Reducing the drug development time-line through implementation of molecular imaging (MI) strategies during preclinical and clinical development phases would significantly reduce the burden of cost. MI can improve the efficiency of drug screening and can be used to interrogate drug pharmacokinetics and biodistribution, thus markedly reducing time and costs required for the development of a new drug. Moreover, identification of MI biomarkers yielding spatial and temporal information could also provide surrogate clinical endpoints. Crucially, imaging of key biological processes that underpin the classical cancer hallmarks [4] (e.g. angiogenesis, invasion, proliferation) might provide a more robust mechanistic assessment of newly emergent molecular targeted therapeutics that represent a cornerstone of personalised medicine. This is of note when one considers that chronic treatment with targeted therapies results in disease stabilisation rather than the tumour shrinkage more evident in response to cytotoxic therapies. As such, classical gross anatomical imaging of tumour lesions can no longer provide optimal therapeutic follow up; what is currently required are imaging modalities that enable sensitive assessment of drug effects at the level of specific targeted molecular features and/or biological pathways.

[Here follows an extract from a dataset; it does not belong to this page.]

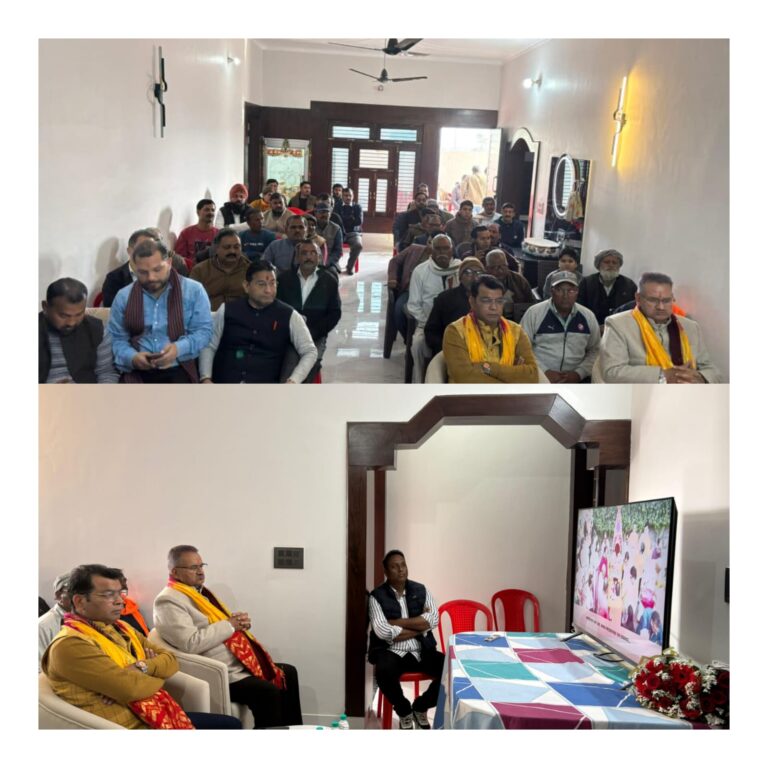 प्रभारी मंत्री गणेश जोशी ने बूथ संख्या 158 बागवाला मे प्रधानमंत्री नरेंद्र मोदी के मन की बात कार्यक्रम के 130 वे संस्मरण को क्षेत्रीय विधायक शिव अरोरा व स्थानीय कार्यकर्त्ता संग सुना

MI optimises, streamlines and refines the drug development process. The advantages of implementing a MI strategy during the preclinical and clinical development stages are clearly illustrated in terms of translational research in primary brain tumours. The disease represents particular challenges towards development of novel therapeutics, because drugs must be amenable to crossing the blood–brain barrier (BBB), notwithstanding BBB breakdown during the disease process, and should efficiently compromise the key processes of tumour angiogenesis, invasion and cell proliferation. The ability to monitor drug effects on these key biological processes in real time will play a key part in elucidating the next generation of molecular targeted anti-GBM therapeutics. Within the context of the current review, we have, for the first time, gathered a multidisciplinary team harnessing expertise in cell biology, preclinical modelling, neurosurgery, MI and neuro-oncology to assess the role played by MI critically in the development of a state-of-the-art next-generation anti-GBM therapeutic paradigm that will seek to target multiple cancer hallmarks.